Why the Aussies Hated Their Carbon Tax
As the Wall Street Journal reports:
Prime Minister Tony Abbott, who made a pre-election “pledge in blood” to voters and business to prioritize growth above climate shift, delivered on his promise after independent senators with deciding votes in the upper house sided with his conservatives, following a power shift this month that ended years of domination by the pro-environment Greens party.
“Today the tax that you voted to get rid of is finally gone, a useless destructive tax which damaged jobs, which hurt families’ cost of living and which didn’t actually help the environment is finally gone,” a jubilant Mr. Abbott told voters in a news conference after the Senate’s decision.
Indeed, in a lengthy study commissioned by IER (which I explain in this post), Australian economist Alex Robson explained last September that the introduction of Australia’s carbon tax went hand-in-hand with spiking electricity prices and a weakening labor market. Here is one key graph from Robson’s report:
Furthermore, beyond the macro statistics, Robson’s study included anecdotal evidence of specific firms that had laid off workers, where the owners themselves cited Australia’s carbon tax as a key factor.
Aussie Episode Repeals CASE for U.S. Carbon Tax
Yet the whole episode has implications on the American debate too. First of all, everyone acknowledges that unilateral U.S. action will do just about nothing. For example, the Obama Administration’s new proposed rules on power plants by themselves will reduce global warming by a whopping—drumroll please—0.02 degrees Celsius by the year 2100.

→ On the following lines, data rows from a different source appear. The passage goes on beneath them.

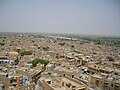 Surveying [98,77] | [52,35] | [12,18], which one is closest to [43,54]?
[52,35]

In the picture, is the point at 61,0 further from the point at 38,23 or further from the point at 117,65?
the point at 117,65

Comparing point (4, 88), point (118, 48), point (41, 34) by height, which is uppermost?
point (41, 34)

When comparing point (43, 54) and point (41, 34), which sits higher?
point (41, 34)

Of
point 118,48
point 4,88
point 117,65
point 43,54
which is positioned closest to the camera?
point 4,88

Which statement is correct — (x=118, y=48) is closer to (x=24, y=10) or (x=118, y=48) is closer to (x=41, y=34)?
(x=41, y=34)

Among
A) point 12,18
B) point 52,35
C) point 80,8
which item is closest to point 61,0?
point 80,8

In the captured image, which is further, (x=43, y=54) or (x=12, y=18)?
(x=43, y=54)

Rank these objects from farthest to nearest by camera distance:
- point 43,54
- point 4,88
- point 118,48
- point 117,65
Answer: point 43,54, point 118,48, point 117,65, point 4,88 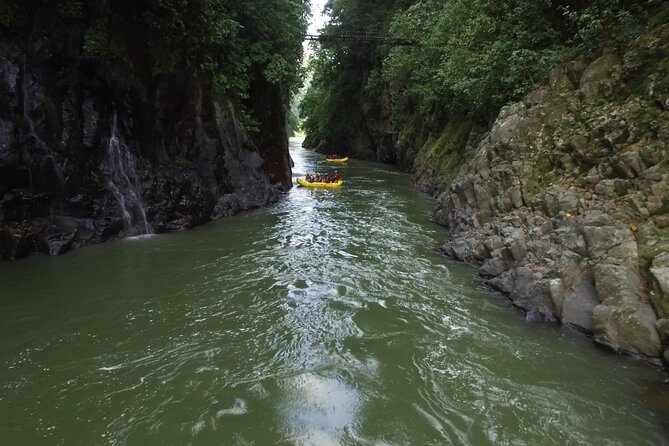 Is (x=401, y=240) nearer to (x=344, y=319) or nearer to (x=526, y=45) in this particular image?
(x=344, y=319)

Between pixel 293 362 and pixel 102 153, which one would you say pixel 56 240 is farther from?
pixel 293 362

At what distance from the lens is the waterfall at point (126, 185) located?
10.9 m

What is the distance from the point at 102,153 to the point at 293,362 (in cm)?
790

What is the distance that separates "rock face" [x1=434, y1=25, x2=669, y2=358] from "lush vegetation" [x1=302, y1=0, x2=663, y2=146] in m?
0.91

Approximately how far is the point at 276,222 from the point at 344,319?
6860mm

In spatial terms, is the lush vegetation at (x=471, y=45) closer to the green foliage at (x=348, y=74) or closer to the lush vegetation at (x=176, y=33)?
the green foliage at (x=348, y=74)

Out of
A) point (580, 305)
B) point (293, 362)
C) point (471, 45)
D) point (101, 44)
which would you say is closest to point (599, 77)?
point (580, 305)

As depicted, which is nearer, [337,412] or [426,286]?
[337,412]

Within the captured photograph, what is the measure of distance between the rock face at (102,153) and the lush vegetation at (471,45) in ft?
26.3

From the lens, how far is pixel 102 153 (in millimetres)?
10734

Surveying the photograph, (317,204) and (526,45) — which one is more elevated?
(526,45)

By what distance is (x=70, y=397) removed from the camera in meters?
4.75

The progressives who clamor for a carbon tax know this, though they try not to draw attention to such an awkward fact. The response is to claim that the U.S. government must exercise “leadership” on climate change, and that if Americans don’t take bold steps to limit emissions—even though these steps by themselves will do virtually nothing—then we can’t possibly expect China or India to follow suit.
In this context, we can see the significance of the Australian repeal. If even a thoroughly developed country like Australia abandons its carbon tax soon after its introduction because of economic difficulties, then how can we possibly expect the people in China or India to consign themselves to slower economic growth, for decades on end, in order to placate Western environmentalists?

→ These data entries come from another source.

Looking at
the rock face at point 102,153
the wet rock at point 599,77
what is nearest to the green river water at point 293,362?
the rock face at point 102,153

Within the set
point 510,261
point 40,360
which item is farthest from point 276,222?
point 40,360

Finally, the Australian case also puts the nail in the coffin of a typical “conservative” argument for a carbon tax, which claims that it will provide “policy certainty” to businesses so that they can invest in “green technology” with confidence. No, a U.S. carbon tax would do no such thing. Even if a carbon tax were implemented, business owners would still have to wonder whether future voters would come to their senses and repeal it, as happened in Australia.
Australia’s repeal of its unpopular carbon tax shows that their citizens (by electing Abbott whose position was crystal clear) favor economic growth over symbolic gestures that don’t even achieve environmental objectives. Furthermore, the Australian repeal devastates the case for a U.S. carbon tax. Nobody can realistically argue at this point that foreign governments will faithfully implement strong limits on emissions, and the claim that a carbon tax would provide “policy certainty” also goes out the window. Let’s hope the “scientific empiricists” who favor a carbon tax adjust their views in light of this new evidence.